What Lucas has shown in the first week of practice raises expectations, not to mention a few eyebrows. In the team's first intrasquad scrimmage Saturday at Cole Field House, Lucas helped his teams to a pair of 20-minute victories with impressive numbers: 30 points on 11-for-17 shooting, along with seven rebounds.

"He's extremely important to our team, more than most people think," said Simpkins. "He works Joe probably tougher than anybody in practice. He's not really like a sixth man. He's pretty much like a starter."

Lucas weighs 5 pounds less than he did as a sophomore, but he has traded baby fat for muscle in the hours spent over the summer in the weight room. Though he remains pigeon-toed, Lucas doesn't appear as plodding as he did when running in the past. And his hands seem to be softer, but it's probably more the result of Lucas' becoming surer of himself.

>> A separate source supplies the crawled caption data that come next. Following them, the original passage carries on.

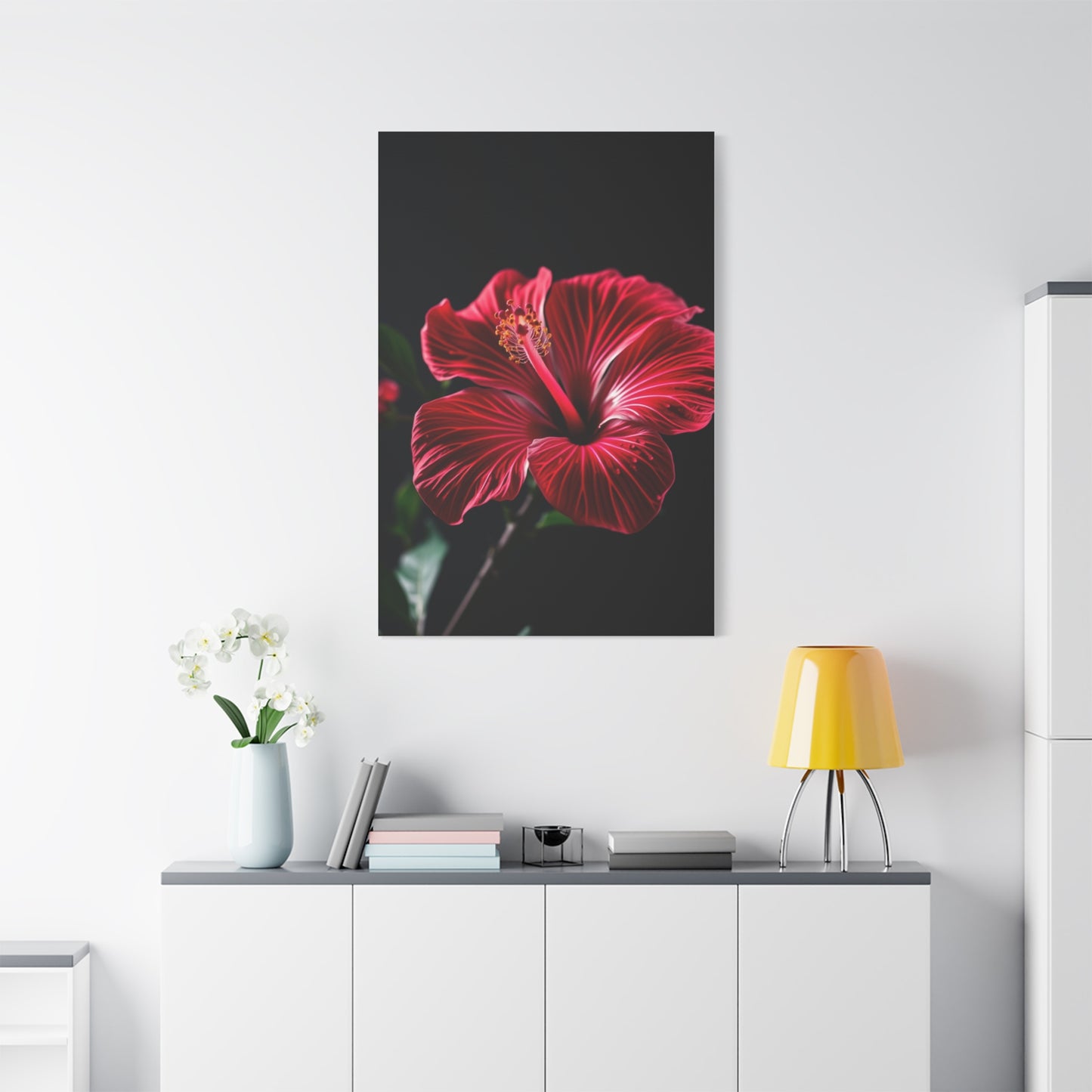 Masterpiece Hibiscus Flower Art Vision Wall Art & Canvas Print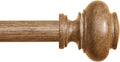Wood Curtain Rods for Windows 32 to 45 in - Heavy Duty Rustic Rod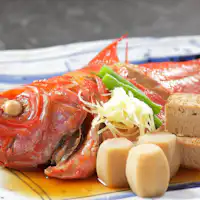 ปลากะพงแดงต้มซีอิ๊ว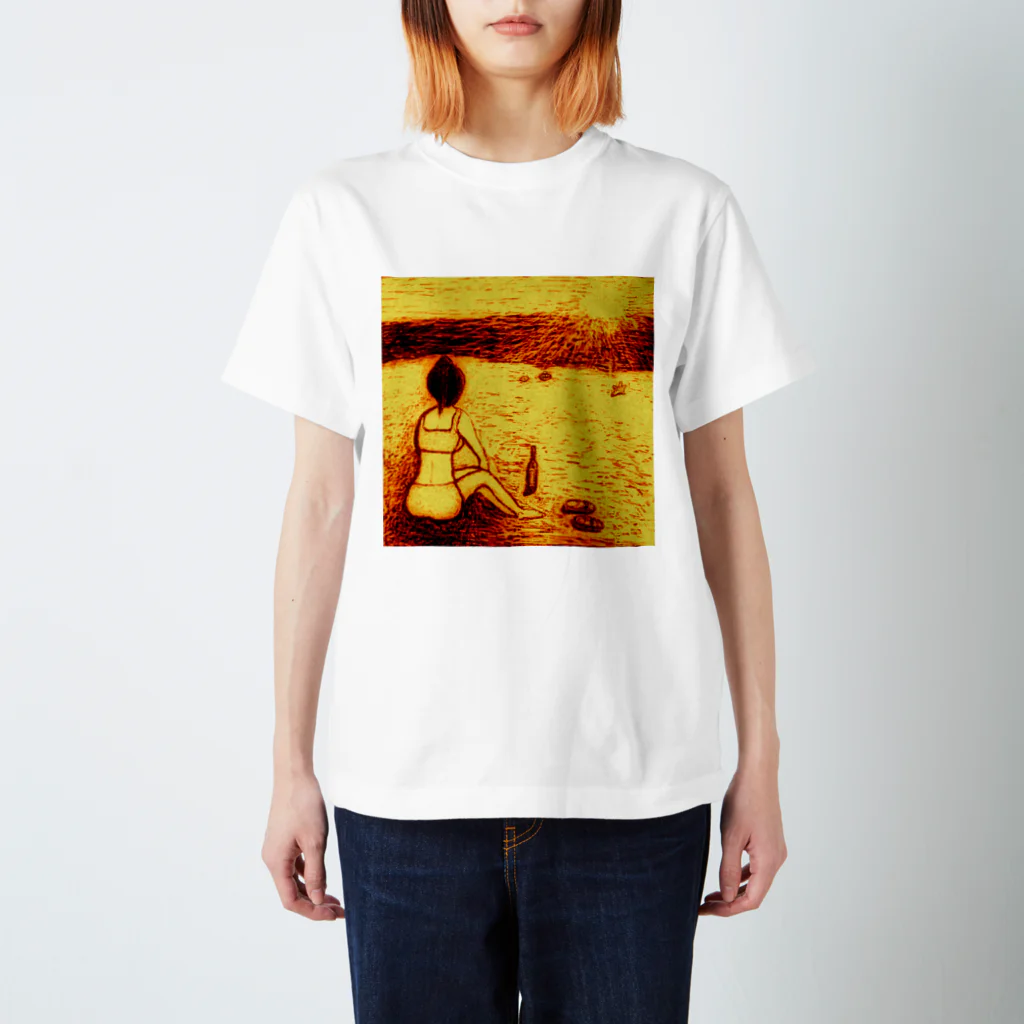 むちまるのSunset Beach 2014 Regular Fit T-Shirt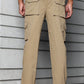 Beige Solid Cargo Pants Fabric – Comfortable and Durable for Everyday Wear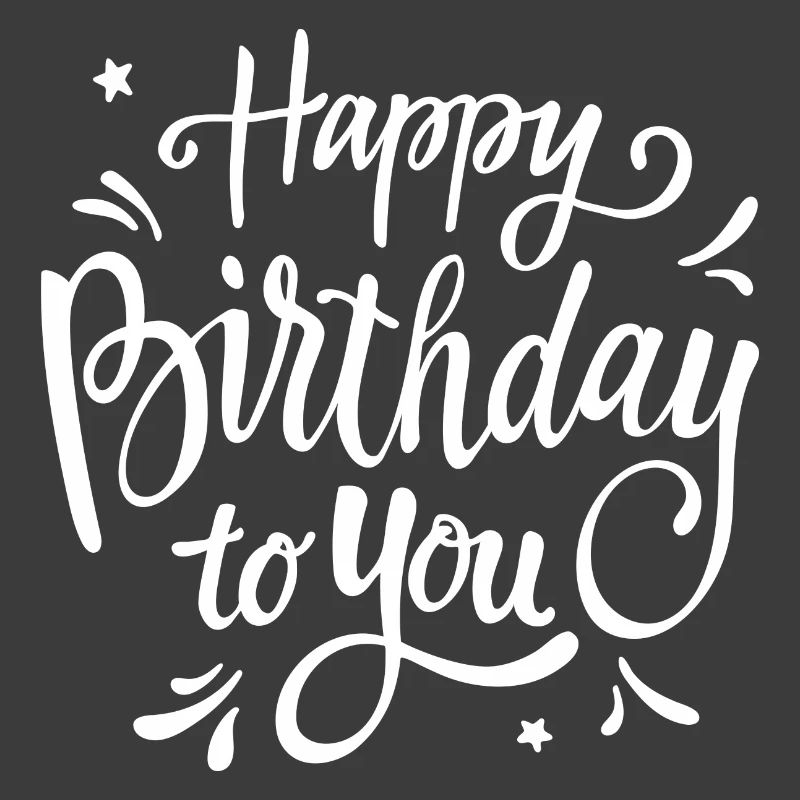 Célébration manuscrite du script d’anniversaire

Because of his outside shooting, Lucas gives Williams some flexibility along Maryland's undersized front line. He can play Lucas at power forward with Smith and Booth or at center alongside Booth and freshman Rodney Elliott. The one thing that concerns Williams is a tendency by Lucas to revert back to his past, shooting first and thinking later.

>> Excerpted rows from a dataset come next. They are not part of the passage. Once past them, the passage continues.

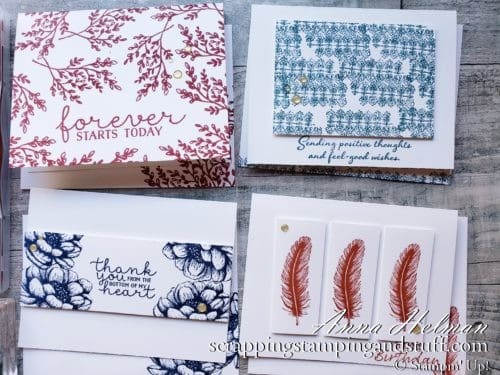 Simple stamping card sets are quick and simple to make, inexpensive, and personal gift ideas! Here's my go-to recipe for simple card sets!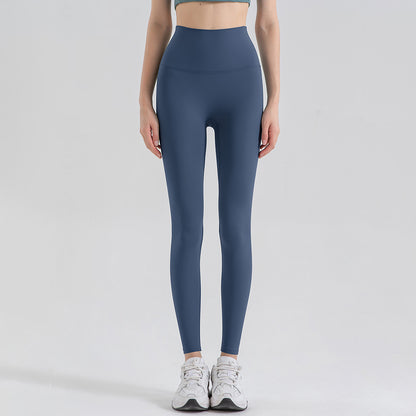 High Waisted Butt Lifting Yoga Pants for Women Summer No See Through Quick Dry Tight Fit Running and Workout Leggings for Comfort and Style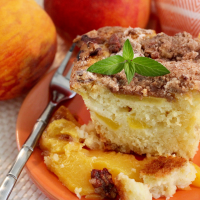 PEACH COFFEE CAKE WITH CANNED PEACHES RECIPES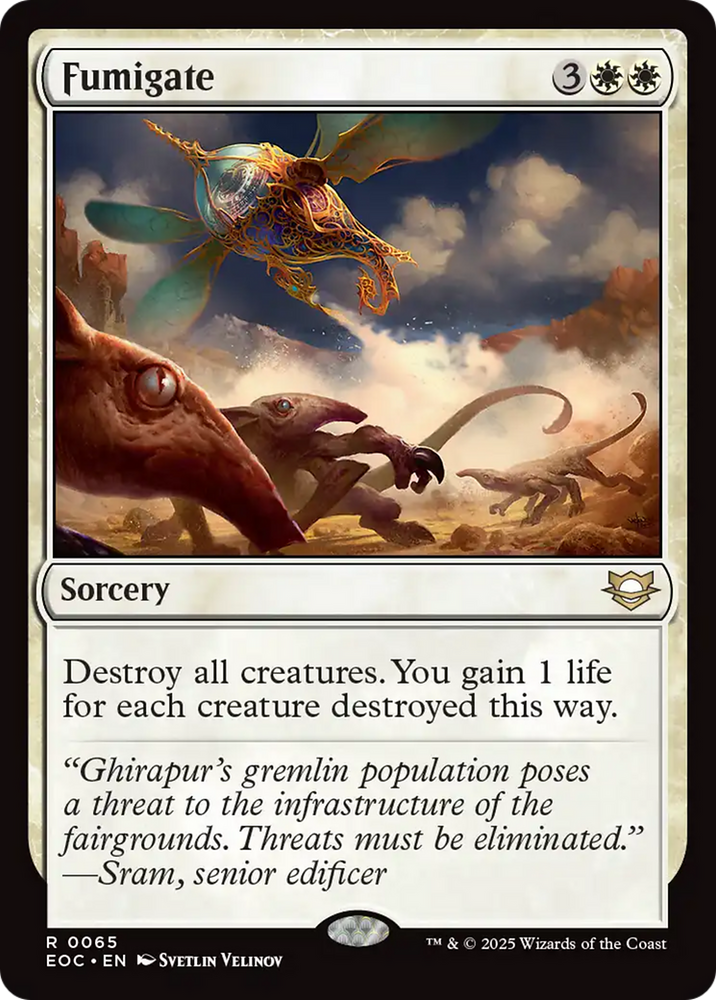 Fumigate [Edge of Eternities Commander] Magic: The Gathering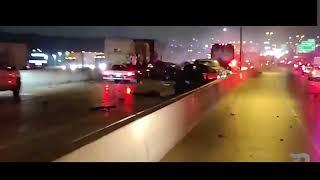(FULL VIDEO) new clip from Fort Worth Texas pileup 2021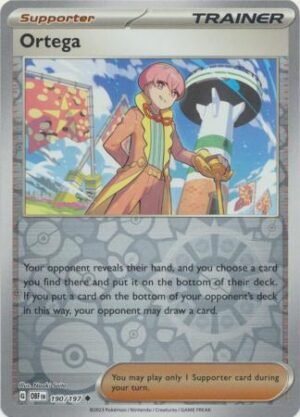 Ortega - 190/197 - Uncommon Reverse Holo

"He's going to get his shots, but he's got to be a little more selective," said Williams. "I want him to shoot when he's open."

Asked about Lucas' playing more consistent minutes this season, Williams said: "He's earned that. We'll be a better team if guys like Joe Smith and Keith Booth can down their minutes a little."

Lucas always has been one of the most reserved players on the Maryland team, a shy country guy from Memphis, Tenn. He is still reserved and polite, but the stern, sometimes sad, game face Lucas seemed to wear is slowly coming down in less serious moments.

Smith's arrival last season helped, because of his own countrified roots and the way he jokingly called Lucas "Ice" for the treatment he needed for an assortment of bumps and bruises. But mostly it's the simple process of maturing.

"I've grown up a lot," said Lucas, "I'm trying to show my emotions more. I wouldn't do that before, but being around Coach has changed that."

A lot has changed for Lucas. His role. His body. And, mostly, his direction.